Shauna S. Roberts (born September 17, 1956 in Beavercreek, Ohio) is an American science fiction author, science writer and medical writer.

Personal background and education
In addition to Ohio, Roberts has lived in Pennsylvania, Illinois, Iowa, the District of Columbia and New Orleans.  She now resides in Riverside, California. She received her B.A. in Anthropology from the University of Pennsylvania in 1977, and her Ph.D. in Anthropology from Northwestern University in 1984.  She attended the Clarion Writers Workshop in 2009. She is a current member of the Orange County Science Fiction Club.

Science and medical writing
Roberts was editor of the American Association for the Advancement of Science's Guide to Biotechnology Products And Instruments from 1986 to 1989, and wrote for The Journal of NIH Research, from 1989 to 1990.

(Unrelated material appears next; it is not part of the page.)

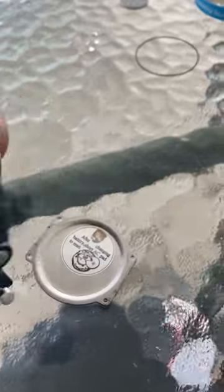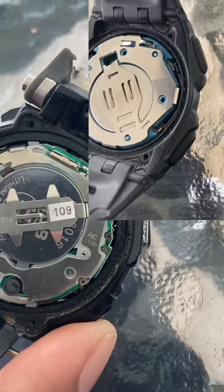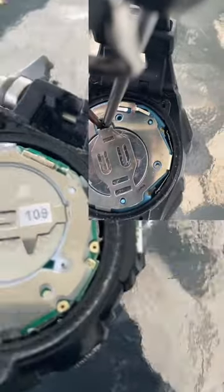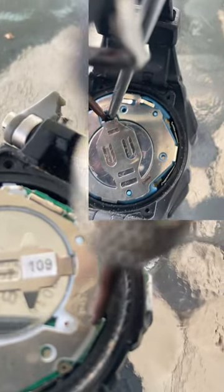I'm showing you that the watch has the battery in but is not working. The top video shows two screwdrivers being used to short-circuit it.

Her nonfiction works outnumber her fiction credits, which are more recent. She wrote the American Diabetes Association's award-winning patient newsletter, The Diabetes Advisor, during its entire period of publication (1993–1999).  She co-authored Basic Demographic Observations on Free-Ranging Rhesus Monkeys (with Donald Stone Sade, Diane Chepko-Sade, Jonathan M. Schneider, and Joan T. Richtsmeier) (1985) and The Commonsense Guide to Weight Loss for People with Diabetes (with Barbara Caleen Hansen) (1999).  She has written numerous articles in such venues as Diabetes Forecast, Diabetes Care, Diabetes Self-Management, The Journal of NIH Research, Science, The FASEB Journal, Analytical Chemistry, Modern Drug Discovery, Veterans Health System Journal, Ocular Surgery News, Oncology News International, Caring Today, and The Bark.

Fiction writing
Roberts's published short stories include:

"Slipping Into Love", in the anthology Pleasure of the Heart and Other Stories (2002).
"Insipid Love Songs", Fables (August 2003).
"My Father's New Wife", Andromeda Spaceways Inflight Magazine (February/March 2004).
"Hero Home", in the anthology Clash of Steel, Book One: Reluctant Hero. (2005).
"The Hunt", Continuum Science Fiction (Fall 2006).
"A Llama's Tale", Space Westerns (27 January 2008).
"Elessa the Restless", in the anthology Barren Worlds (2008).
"Coyote and the Gamblers", in the anthology Return to Luna (2008).
"Ennui", Night to Dawn (April 2009).
"The Hunt", Jim Baen's Universe (February 2010).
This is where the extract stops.